Bob computes plaintext:  Buzz Lightyear

But Santa (Alice) wants to use something more modern than discrete logarithms to send presents. So the elves have implemented elliptic curve methods. Initially they have used secp256k1 elliptic curve and which has a base point (G), an order (n) and a prime number (p). If Bob has a private key of b, he can share his public key with Santa (Alice):

B=bG

Santa (Alice) receives this public key, and generates a private key (a). Santa then computes:

Key=bA

and which is:

Key=abG

Santa (Alice) will then take a present (m) and encrypt with this key, and send to Bob with Santa’s public key:

A=bG

Bob can then construct this present with:

Key=KDF(bA)

and can then decrypt the message. In the following example we use PBKDF2 as the Key Derivation Function (KDF).
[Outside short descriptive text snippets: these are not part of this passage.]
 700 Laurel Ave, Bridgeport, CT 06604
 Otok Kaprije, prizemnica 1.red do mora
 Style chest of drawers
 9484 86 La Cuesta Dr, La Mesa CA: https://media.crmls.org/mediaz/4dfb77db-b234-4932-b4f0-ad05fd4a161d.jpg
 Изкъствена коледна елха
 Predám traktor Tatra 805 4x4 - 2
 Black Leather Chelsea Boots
The following is the code [here]:

from secp256k1 import curve,scalar_mult,is_on_curve
import random
import sys
from Crypto.Hash import SHA256
from Crypto.Cipher import AES
from Crypto.Random import get_random_bytes
from Crypto.Protocol.KDF import PBKDF2
import Padding
import binascii

def encrypt(plaintext,key, mode):
	encobj = AES.new(key,mode)
	return(encobj.encrypt(plaintext))
def decrypt(ciphertext,key, mode):
	encobj = AES.new(key,mode)
	return(encobj.decrypt(ciphertext))
print("Basepoint:\t", curve.g)
msg="Hello12"
if (len(sys.argv)>1):
  msg=(sys.argv[1])
a  = random.randrange(1, curve.n)
b = random.randrange(1, curve.n)

A = scalar_mult(a,curve.g)
B= scalar_mult(b,curve.g)
K1= scalar_mult(a,B)
print ("Message: ",msg)
print ("\na (Alice):\t",a)
print ("b (Bob):\t",b)
print ("\nA (Alice) aG:\t",A)
print ("B (Bob) bG:\t",B)
salt = get_random_bytes(16)
key = PBKDF2(str(K1[0]), salt, 32, count=1000, hmac_hash_module=SHA256)
plaintext = Padding.appendPadding(msg,blocksize=Padding.AES_blocksize,mode=0)
ciphertext = encrypt(plaintext.encode(),key,AES.MODE_ECB)
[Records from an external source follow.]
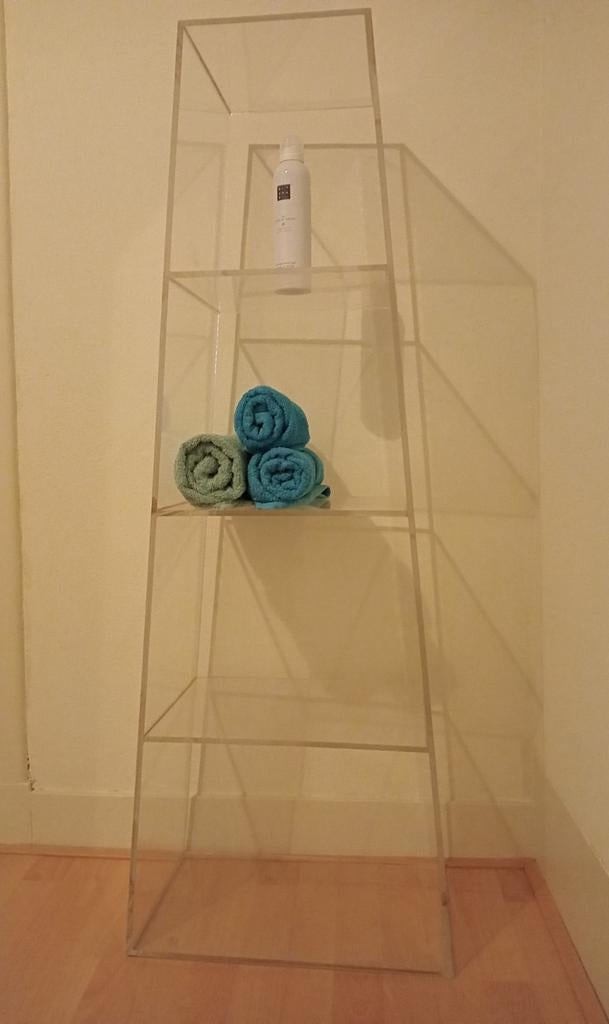 Kunststof pyramide/vitrine kast, Huis en Inrichting, Kasten | Vitrinekasten, Minder dan 100 cm, 25 tot 50 cm, Kunststof, Ophalen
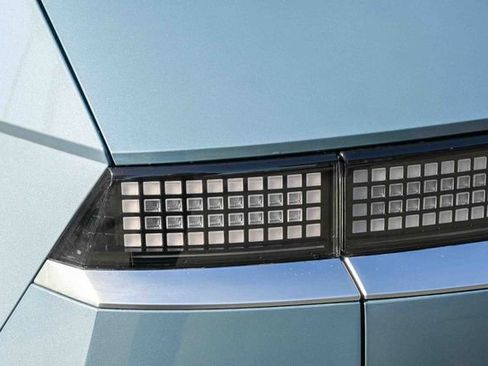 Certified 2024 Hyundai Ioniq 5 Limited image 8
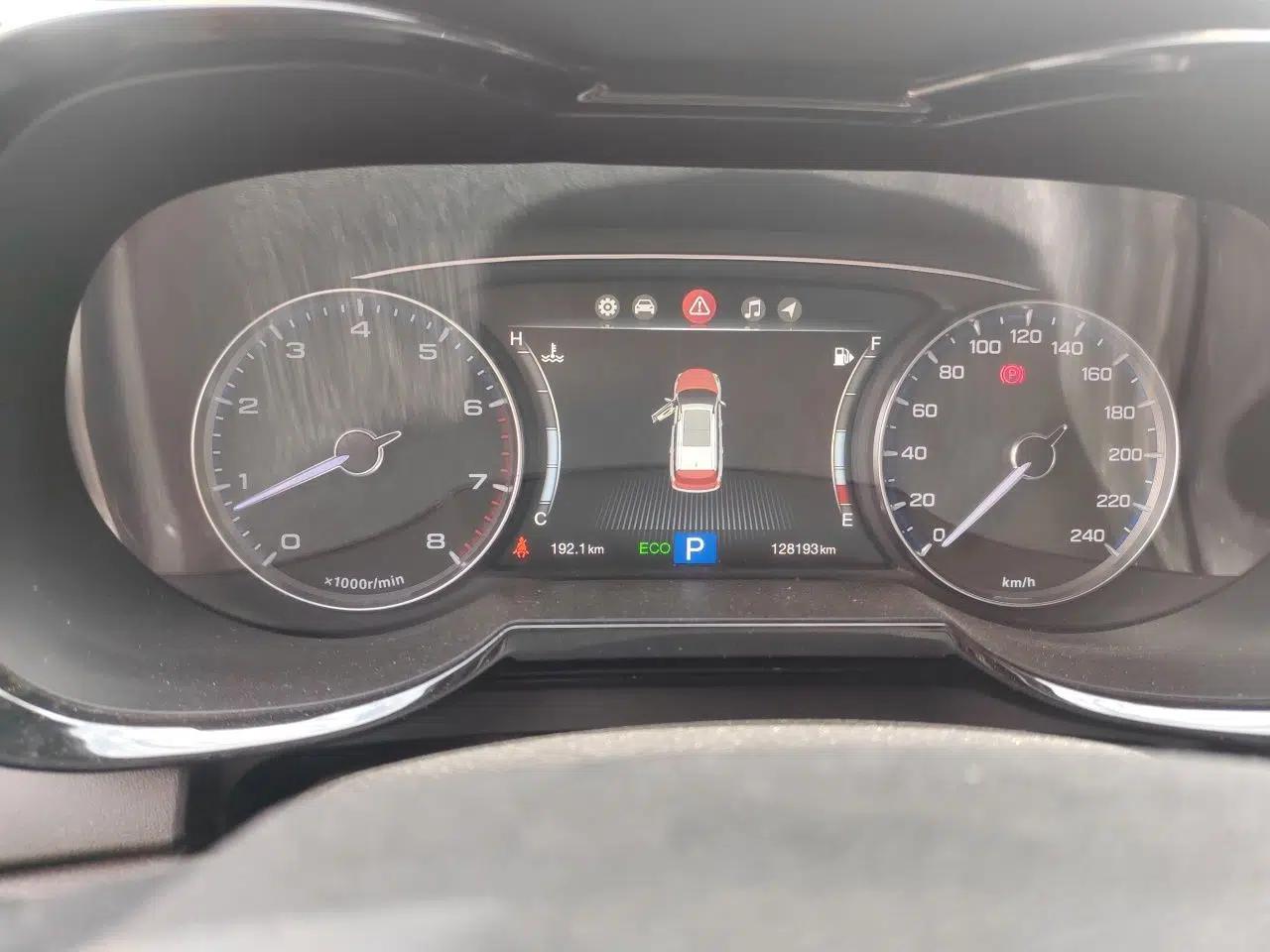 GAC Trumpchi GS7 2017 320T Two-Wheel-Drive Luxury Smart Connectivity Model — миниатюра 12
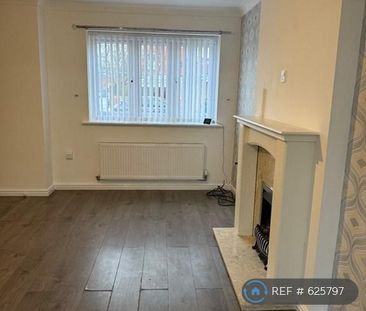 3 bedroom semi-detached house to rent - Photo 3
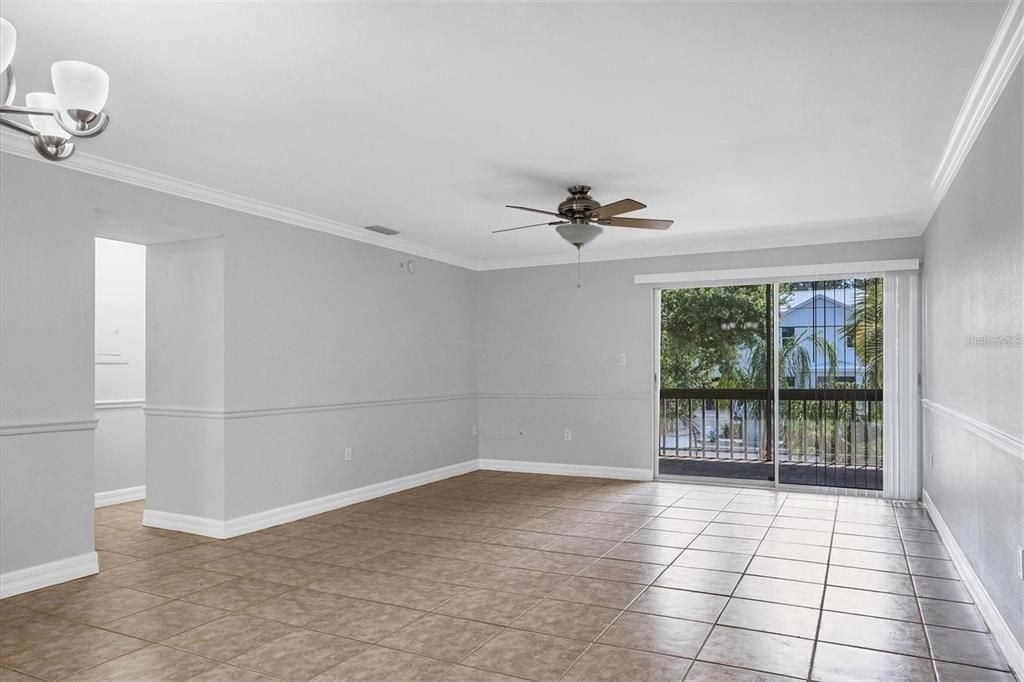 For Rent: $1,850 (2 beds, 2 baths, 1122 Square Feet)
print ("\nKey: KDF(abG) ",binascii.hexlify(bytearray(key)).decode())
print ("Ciphertext: ",binascii.hexlify(bytearray(ciphertext)).decode())

plaintext = decrypt(ciphertext,key,AES.MODE_ECB)
plaintext = Padding.removePadding(plaintext.decode(),mode=0)
print ("\nBob computes plaintext: ",plaintext)

And a sample run with Buzz Lightyear [here]:

Basepoint:	 (55066263022277343669578718895168534326250603453777594175500187360389116729240, 32670510020758816978083085130507043184471273380659243275938904335757337482424)
Message:  Buzz Lightyear
a (Alice):	 40979724007234306723700858798671990712800660819077943610005341565220696004702
b (Bob):	 19083761352740274642098894747370491425661480826886682521773091829562624498116
A (Alice) aG:	 (7280348578124714486783960932049032669908641450989528081168193504163245402981, 13680724886278489609349717858347319621071299939224593447568792992941017817164)
B (Bob) bG:	 (10092239408946548870449312112249181646672301560401695092883288951297934400850, 105510569139779171061042697129294179159643291210029455380160616726616896378520)
Key: KDF(abG)  eb323a6f8660775814f900af1826fab2f3ce1a22b41a7d7eeacc3223a1c1a1aa
Ciphertext:  bf2d9636a28aef3a08f23f9c2263aa57
Bob computes plaintext:  Buzz Lightyear

And there you go! Happy Crypto Christmas!